For the rest, if I judged the world without knowing it, the world, in its turn, knew nothing of me. None, at my first entrance, guessed what I might be good for, and when I came back to Paris, they guessed it no more. Since attaining my sad celebrity, I have been told by numbers of people, "How we should have noticed you, if we had met you in your youth!" This obliging contention is only the illusion attaching to an established reputation. Outwardly men resemble each other; it is in vain for Rousseau to tell us that he had a pair of small, quite charming eyes; it is none the less certain, witness his portraits, that he had the appearance of a schoolmaster or a cross-grained shoemaker.

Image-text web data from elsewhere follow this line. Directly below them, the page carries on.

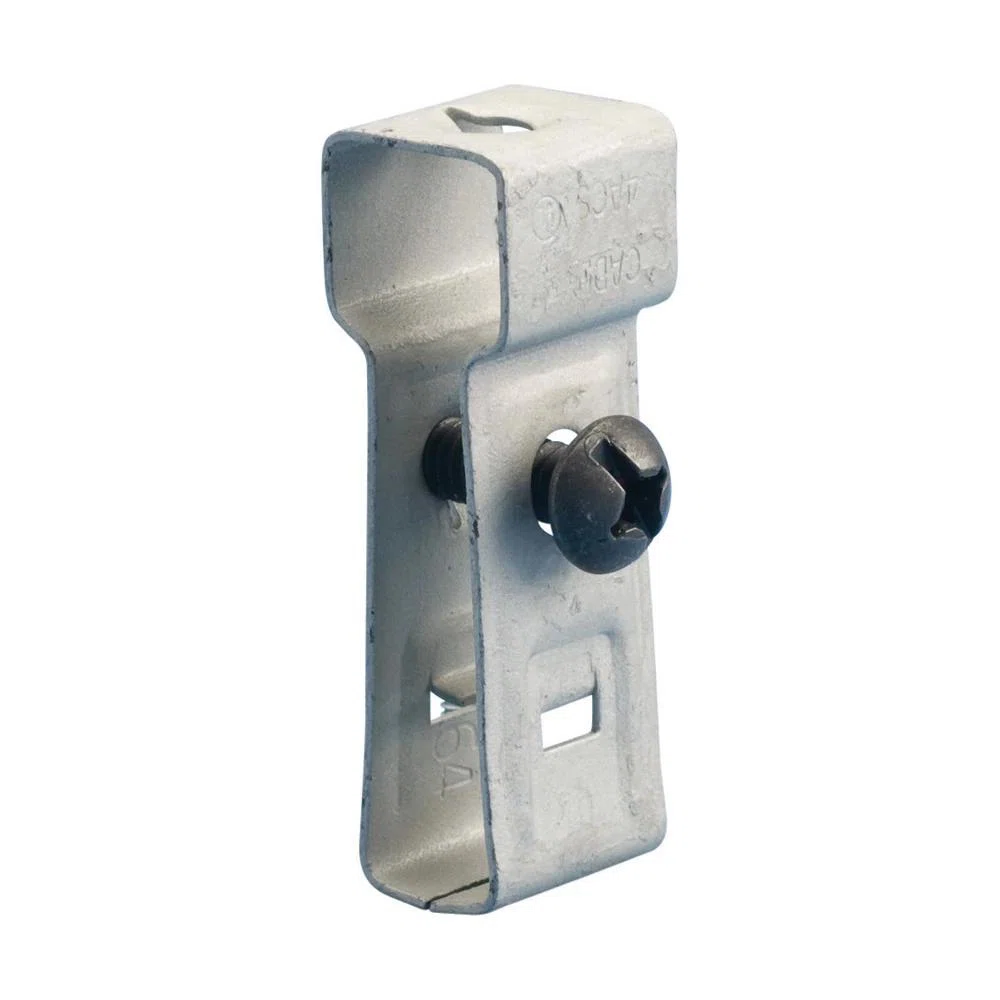 nVent_CADDY_4ACS.jpg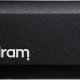 Goodram SSDR-GMRE-02T-K0 unità esterna a stato solido 2 TB 3.2 Gen 2 (3.1 Gen 2) Nero 15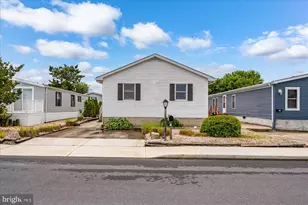 709 Gulf Stream Dr, Ocean City, MD 21842 - Photo 1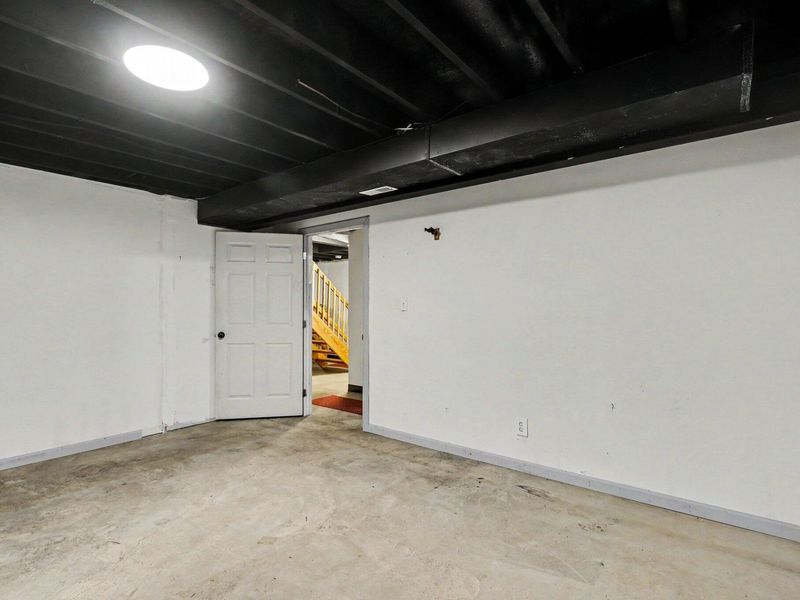 418 Broad Street, Falmouth, KY 41040 Photo 20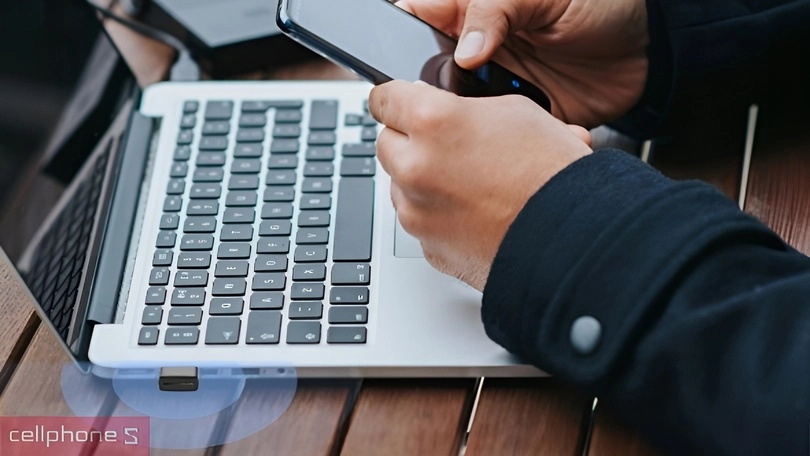 USB Wifi 6 Mercusys AX300 MA14N - Tốc độ kết nối nhanh, tương thích đa dạng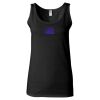 Women's Softstyle® Tank Top Thumbnail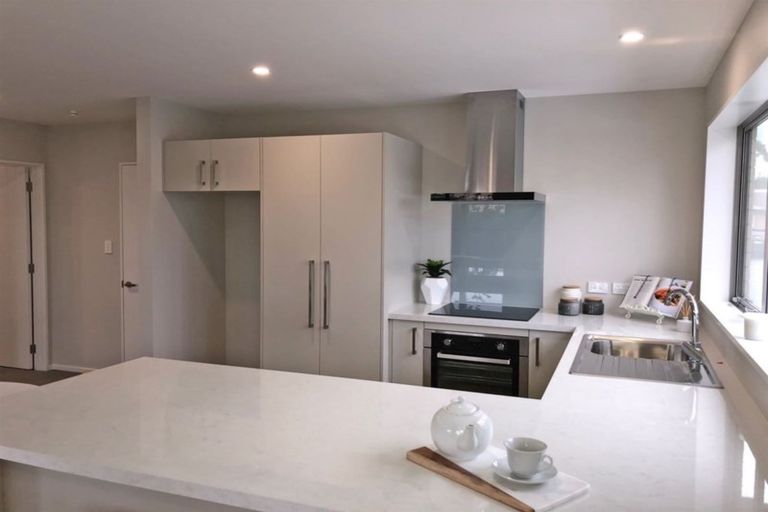 Photo of property in 34b Williams Street, Kaiapoi, 7630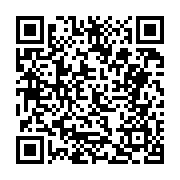 보도자료 페이지 바로가기 주소(https://business.jangseong.go.kr/q/ezIyN3w2NjQyNnxzaG93fHBhZ2U9MTIwfQ==&e=M&s=3), QRCODE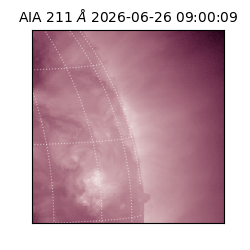 saia - 2026-06-26T09:00:09.630000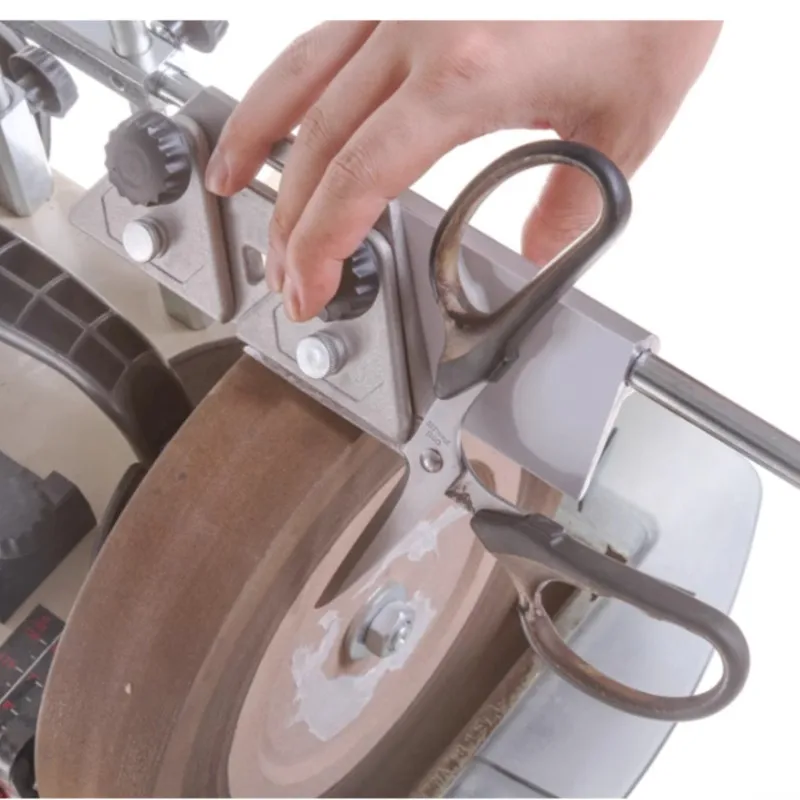 woodworking-tools-scissors-clamps-electromechanical-hardware-water-cooled-sharpening-machine-accessories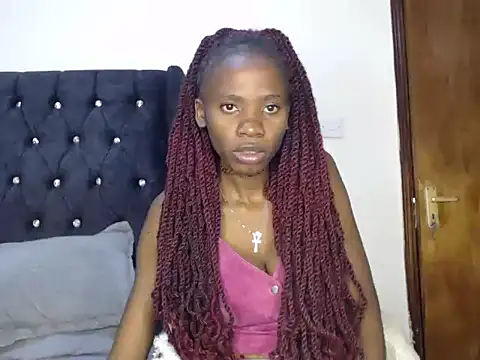 Snapshot of Sexyprecious01 chatting on September 17, 2025, 1:13 pm Sexyprecious01 online show from September 17, 2025, 1:13 pm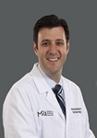 Emmanuel Botzolakis, MD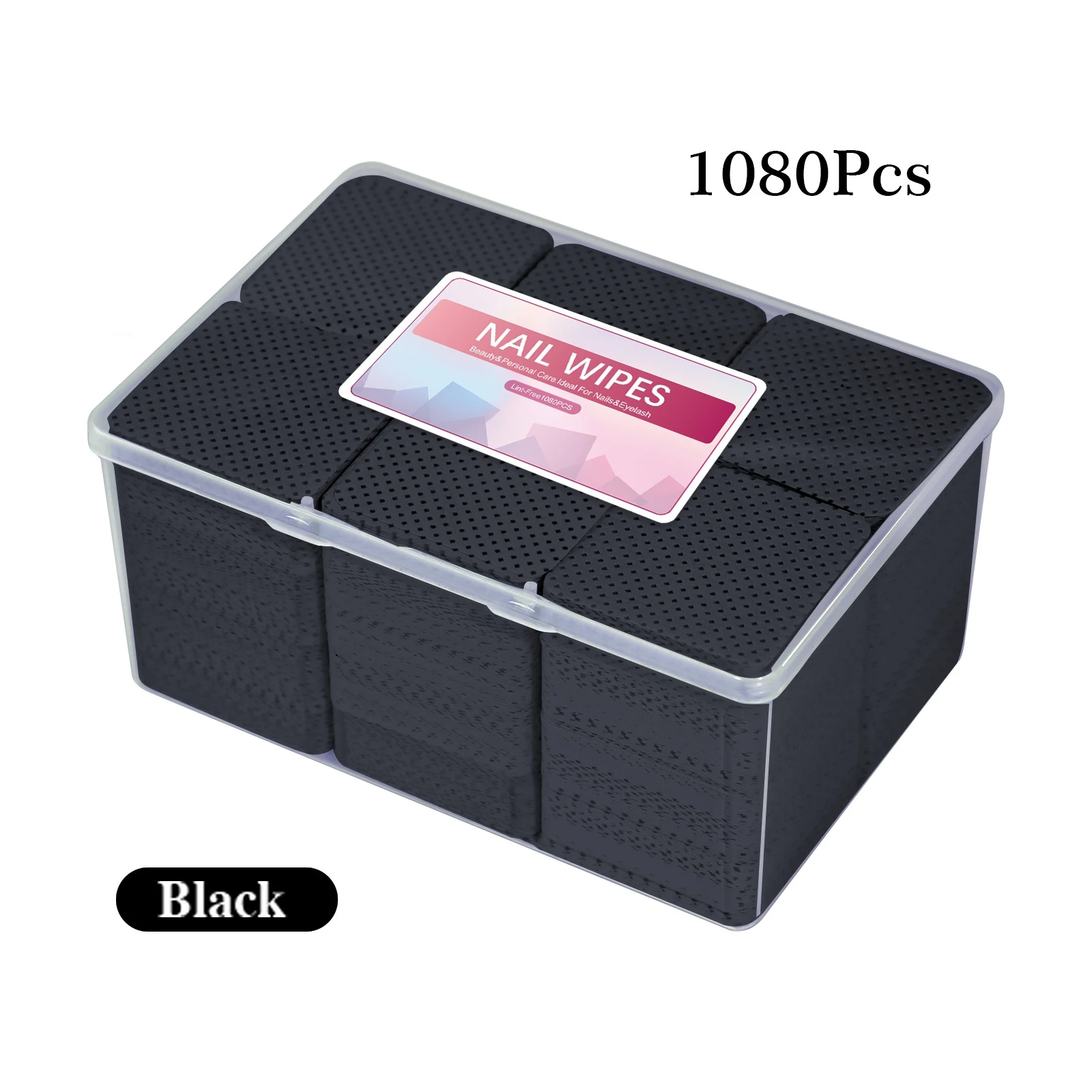 Variant: A5-1080pcs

To have done with the Court, I will add that after revisiting Brittany and coming back to Paris to live with my younger sisters, Lucile and Julie, I plunged more deeply than ever into my habits of solitude. You ask what became of the story of my presentation. It remained where it was.

"Then you did not hunt with the King again?"

"No more than with the Emperor of China."

"And you never went back to Versailles?"

"I twice went as far as Sèvres; my heart failed me, and I returned to Paris."

"So you made nothing of your position?"